More revelations of FDA bad behavior around GE salmon
Last week the Center for Food Safety reported that the FDA had frozen out the U.S. Fish and Wildlife Service and National Oceanic and Atmospheric Administration in its rush to approve AquaBounty’s transgenic salmon for human consumption. Some have since suggested that this wasn’t a problem, since the two agencies’ concerns weren’t specific to AquaBounty’s indoor-only system and relied on old studies. Now, new revelations show that the government’s fisheries and marine experts were explicitly concerned about the FDA’s behavior — and that the agency seems to be intentionally understating the real risks of AquaBounty’s salmon.
Food & Water Watch (FWW) has posted a new set of emails from Fish and Wildlife Service officials that indicate deep concerns about the safety of the GE salmon. Even worse, they believe the FDA to be skirting the law in its approval process for the fish. According to FWW, “high-ranking officials” complained that, though the Endangered Species Act requires the FDA to consult with Fish and Wildlife over anything that would affect wild Atlantic salmon, the agency never set up a process by which to do it.

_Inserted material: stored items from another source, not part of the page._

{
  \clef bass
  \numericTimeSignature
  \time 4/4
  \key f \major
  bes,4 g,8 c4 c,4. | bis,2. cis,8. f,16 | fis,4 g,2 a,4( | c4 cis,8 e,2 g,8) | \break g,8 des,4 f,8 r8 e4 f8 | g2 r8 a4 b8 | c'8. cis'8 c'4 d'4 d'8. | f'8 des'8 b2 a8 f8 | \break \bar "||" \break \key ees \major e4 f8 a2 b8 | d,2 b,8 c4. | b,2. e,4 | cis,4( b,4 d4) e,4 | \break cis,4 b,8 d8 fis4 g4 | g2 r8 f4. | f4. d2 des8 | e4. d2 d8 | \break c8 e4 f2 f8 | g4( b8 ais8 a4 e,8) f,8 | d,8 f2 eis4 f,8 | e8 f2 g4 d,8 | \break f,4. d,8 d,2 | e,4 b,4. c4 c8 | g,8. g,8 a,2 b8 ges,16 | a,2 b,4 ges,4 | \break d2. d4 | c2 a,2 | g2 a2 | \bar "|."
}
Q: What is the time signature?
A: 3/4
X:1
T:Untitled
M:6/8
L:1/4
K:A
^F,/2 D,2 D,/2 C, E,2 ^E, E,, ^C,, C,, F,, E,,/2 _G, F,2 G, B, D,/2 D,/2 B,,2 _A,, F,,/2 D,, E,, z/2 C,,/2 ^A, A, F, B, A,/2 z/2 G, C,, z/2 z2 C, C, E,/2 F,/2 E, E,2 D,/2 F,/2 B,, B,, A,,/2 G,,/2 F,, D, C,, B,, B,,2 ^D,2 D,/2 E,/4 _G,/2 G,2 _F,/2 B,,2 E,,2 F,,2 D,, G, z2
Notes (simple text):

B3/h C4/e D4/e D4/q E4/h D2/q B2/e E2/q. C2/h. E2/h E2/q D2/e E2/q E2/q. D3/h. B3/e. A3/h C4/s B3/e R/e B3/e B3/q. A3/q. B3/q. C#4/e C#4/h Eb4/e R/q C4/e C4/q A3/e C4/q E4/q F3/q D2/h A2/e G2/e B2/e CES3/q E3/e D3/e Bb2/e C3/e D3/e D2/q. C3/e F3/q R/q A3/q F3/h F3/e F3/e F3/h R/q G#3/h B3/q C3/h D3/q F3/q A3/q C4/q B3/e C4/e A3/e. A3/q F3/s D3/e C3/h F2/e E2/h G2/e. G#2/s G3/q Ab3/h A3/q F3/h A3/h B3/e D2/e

These officials also raised concerns that despite AquaBounty’s claim that its fish are sterile (and thus unable to reproduce with wild salmon), the genetic manipulation techniques the company uses are not foolproof: up to 3 percent of its fish may indeed be fertile and thus capable of reproducing with wild fish in the event of an escape.
As one Fish and Wildlife Service scientist wrote in an incredulous email: “Maybe they [the FDA] should watch Jurassic Park.”
How would they escape? Would these new salmon miraculously sprout legs? No need: turns out AquaBounty is considering building a facility to grow its fish that would discharge water into the ocean off the Maine coast — prime Atlantic salmon habitat. As one Fish and Wildlife official put it, “No matter what precautions you take, fish escape and once they do, there is no closing that door … I think it is very bad precedent to set.”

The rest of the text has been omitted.